- DATA EXTRACT -
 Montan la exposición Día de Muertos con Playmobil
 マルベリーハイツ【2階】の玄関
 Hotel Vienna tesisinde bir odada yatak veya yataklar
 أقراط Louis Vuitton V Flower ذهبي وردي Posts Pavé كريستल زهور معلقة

...

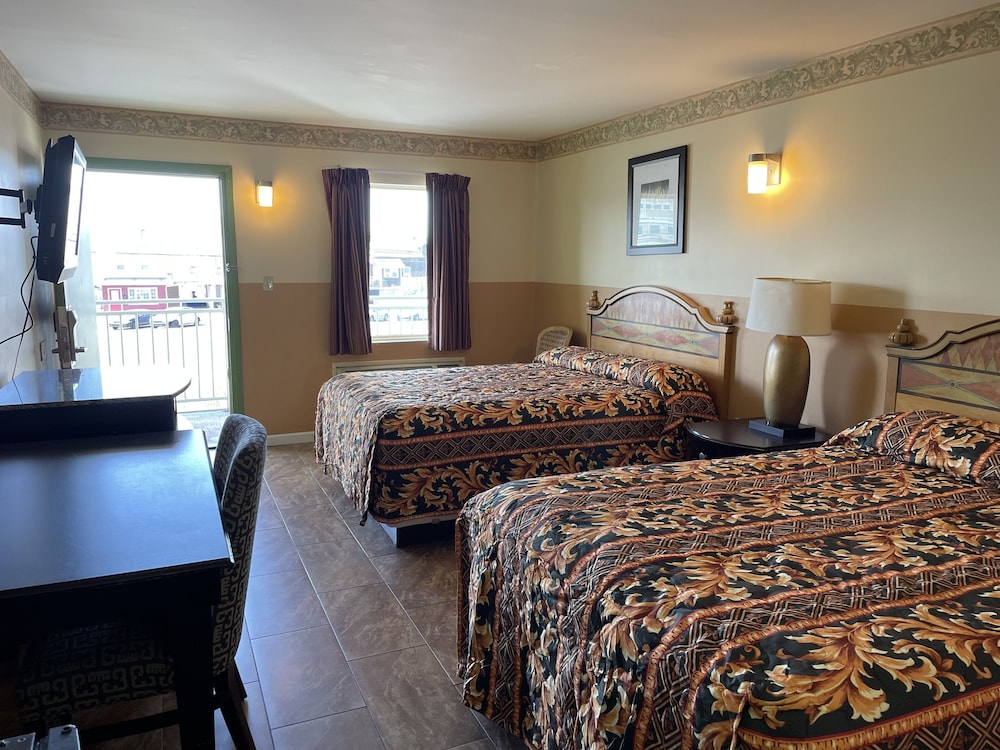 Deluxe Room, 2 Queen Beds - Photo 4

* * *

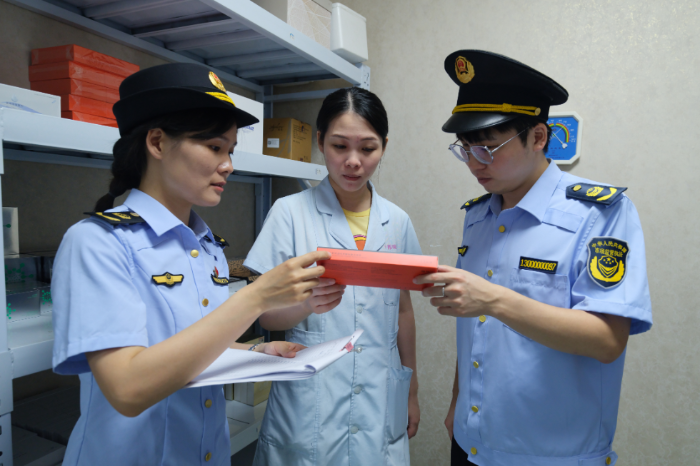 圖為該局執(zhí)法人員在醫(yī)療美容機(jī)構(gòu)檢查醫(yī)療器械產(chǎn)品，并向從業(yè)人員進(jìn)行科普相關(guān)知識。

- WHAT TO DO -
Taking the entries above, restate exactly those lines that fall between the line with "Montan la exposición" and the line with "أقراط Louis Vuitton", keeping both of those lines too.

- EXERCISE OUTPUT -
 Montan la exposición Día de Muertos con Playmobil
 マルベリーハイツ【2階】の玄関
 Hotel Vienna tesisinde bir odada yatak veya yataklar
 أقراط Louis Vuitton V Flower ذهبي وردي Posts Pavé كريستल زهور معلقة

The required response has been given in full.